I do have to move with caution. After recent attempts to "get back into life" I quickly learnt that the trauma I have experienced is not easy to overcome. I am struggling to return to my old self - I am still anxious about plans with friends, getting amongst my community and I still cannot answer my phone. I know I cannot accelerate too fast without risking further instability.


Last year also showed me that I cannot necessarily make definitive plans. Many times I have tried to reignite my business with the goal of fulfilling orders, refunds and outstanding debts. But I was disrupted time and time again from unexpected outcomes and fallout from the business collapse - and who is to say there will not be anymore. With my CAV interview over, I do believe the worst is behind me - but I must recognise harmful events and interactions, and keep removing myself from further mental harm.


What I do have now is fire in my belly to get orders delivered, refunds processed and all other creditors paid. I have amazing partnerships and projects with very supportive suppliers who have been with me all the way. If all goes well I now have the means to build financially and create some real financial stability, which is necessary before I allocate refunds and orders.

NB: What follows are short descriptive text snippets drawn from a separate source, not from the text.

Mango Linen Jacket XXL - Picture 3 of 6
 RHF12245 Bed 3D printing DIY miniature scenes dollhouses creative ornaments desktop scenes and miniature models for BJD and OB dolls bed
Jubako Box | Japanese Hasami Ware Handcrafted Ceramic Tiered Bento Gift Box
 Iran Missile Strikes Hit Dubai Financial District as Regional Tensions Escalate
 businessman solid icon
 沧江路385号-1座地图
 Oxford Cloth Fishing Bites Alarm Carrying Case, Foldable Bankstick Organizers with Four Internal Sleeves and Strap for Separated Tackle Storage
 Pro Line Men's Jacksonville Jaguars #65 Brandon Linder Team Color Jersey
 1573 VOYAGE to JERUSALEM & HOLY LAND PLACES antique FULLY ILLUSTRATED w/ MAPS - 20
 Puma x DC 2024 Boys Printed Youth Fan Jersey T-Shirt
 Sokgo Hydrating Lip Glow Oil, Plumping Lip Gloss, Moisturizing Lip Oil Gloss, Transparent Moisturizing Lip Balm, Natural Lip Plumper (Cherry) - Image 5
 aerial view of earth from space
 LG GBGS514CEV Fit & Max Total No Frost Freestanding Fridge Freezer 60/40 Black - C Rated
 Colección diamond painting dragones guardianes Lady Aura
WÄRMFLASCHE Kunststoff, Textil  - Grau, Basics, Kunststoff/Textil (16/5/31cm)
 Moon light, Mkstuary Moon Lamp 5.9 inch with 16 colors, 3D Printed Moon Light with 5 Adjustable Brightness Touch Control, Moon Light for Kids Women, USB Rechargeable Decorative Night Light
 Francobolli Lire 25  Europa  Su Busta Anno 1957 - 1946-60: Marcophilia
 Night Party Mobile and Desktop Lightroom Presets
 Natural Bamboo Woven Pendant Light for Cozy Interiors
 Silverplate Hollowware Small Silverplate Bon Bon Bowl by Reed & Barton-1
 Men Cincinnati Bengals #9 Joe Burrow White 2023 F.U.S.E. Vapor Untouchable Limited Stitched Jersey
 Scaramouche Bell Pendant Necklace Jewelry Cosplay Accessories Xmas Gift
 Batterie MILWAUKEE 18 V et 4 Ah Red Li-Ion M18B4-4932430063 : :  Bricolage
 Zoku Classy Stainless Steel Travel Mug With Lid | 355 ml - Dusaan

Over the coming weeks I will continue to dedicate time to my wellbeing, but I have well and truly started working with my suppliers to rebuild.


Communication Going Forward


Vy is really looking forward to starting working with me again for customer service, and we will reinstate the info@neridahansen.com email from start of next month. She will work to help me allocate printing to customers still happy to receive their orders, and communicate directly to enquiries after the 1st of April.


For clarity, I cannot commit to a firm schedule for any one customer right now, but I will be refunding and replacing limited (but hopefully growing amounts) each week starting later in April, or earlier if possible. Realistically it may take a number of months to see all creditor and customer obligations met, but I am confident that I will not be held back any further.